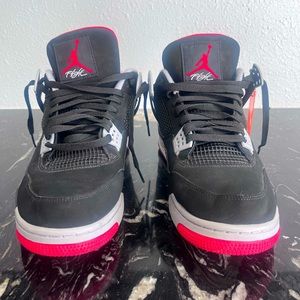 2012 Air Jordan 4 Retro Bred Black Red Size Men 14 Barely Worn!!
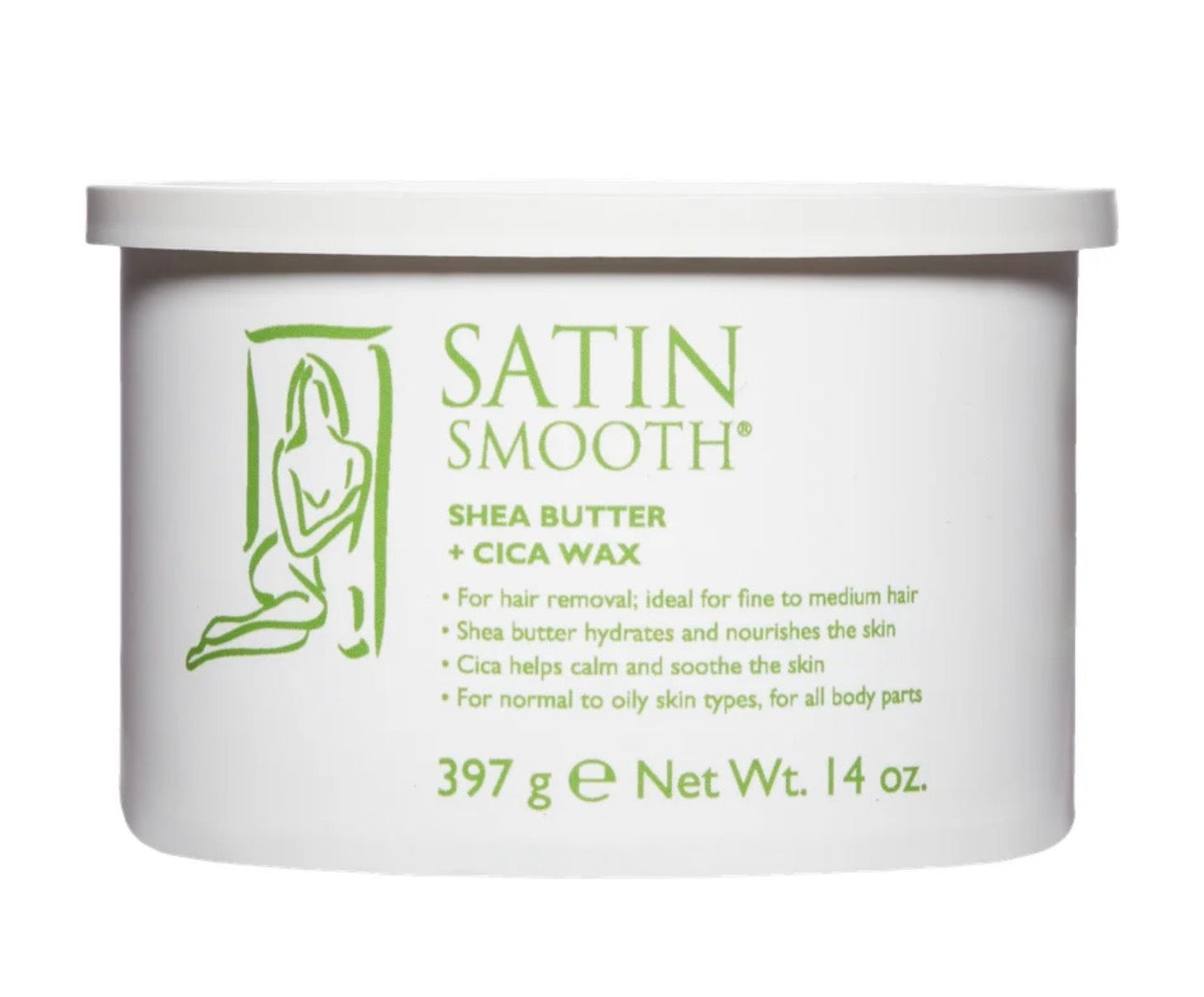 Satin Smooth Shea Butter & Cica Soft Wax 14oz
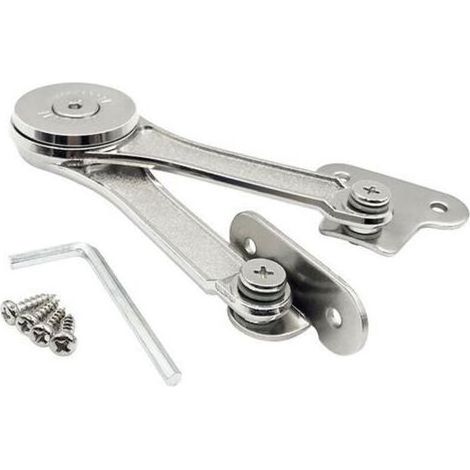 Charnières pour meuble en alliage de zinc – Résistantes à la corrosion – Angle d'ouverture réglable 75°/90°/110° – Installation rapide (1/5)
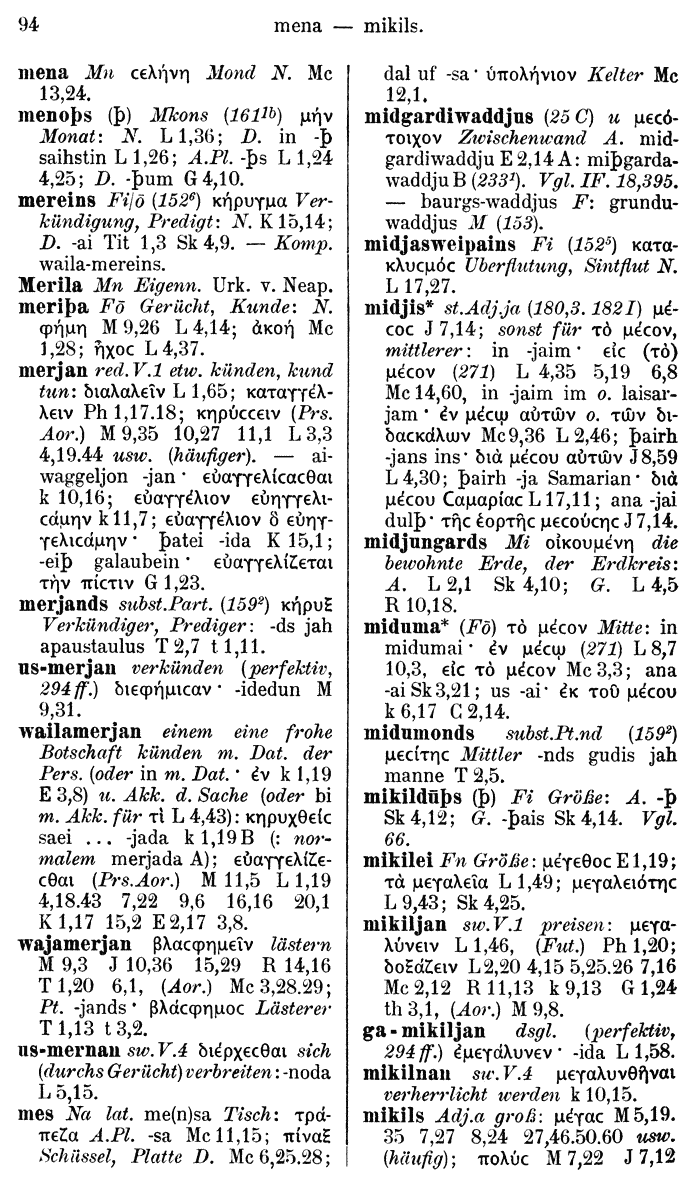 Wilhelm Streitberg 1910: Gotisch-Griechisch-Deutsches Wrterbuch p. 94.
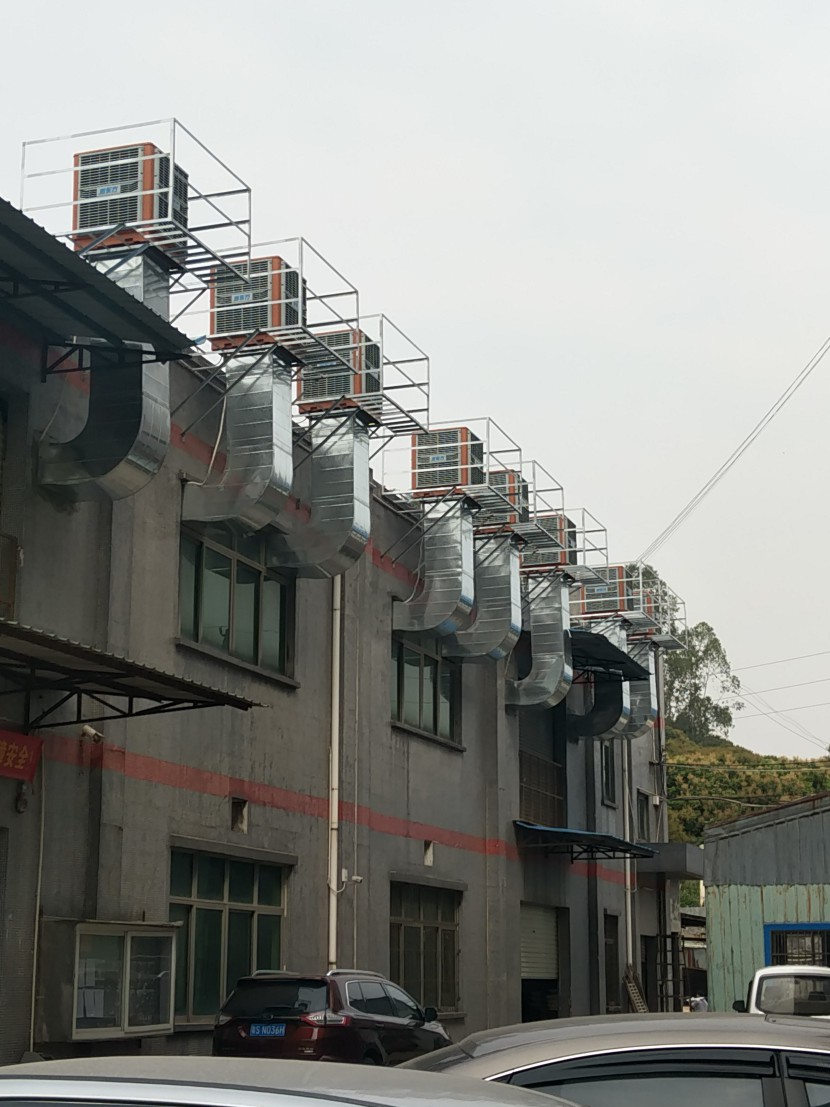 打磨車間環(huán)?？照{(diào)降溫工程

> Problem to work on
Everything in the data except the pictures should be restated word for word.

> Output for this task
 2012 Air Jordan 4 Retro Bred Black Red Size Men 14 Barely Worn!!
 Satin Smooth Shea Butter & Cica Soft Wax 14oz
 Charnières pour meuble en alliage de zinc – Résistantes à la corrosion – Angle d'ouverture réglable 75°/90°/110° – Installation rapide (1/5)
 Wilhelm Streitberg 1910: Gotisch-Griechisch-Deutsches Wrterbuch p. 94.
 打磨車間環(huán)?？照{(diào)降溫工程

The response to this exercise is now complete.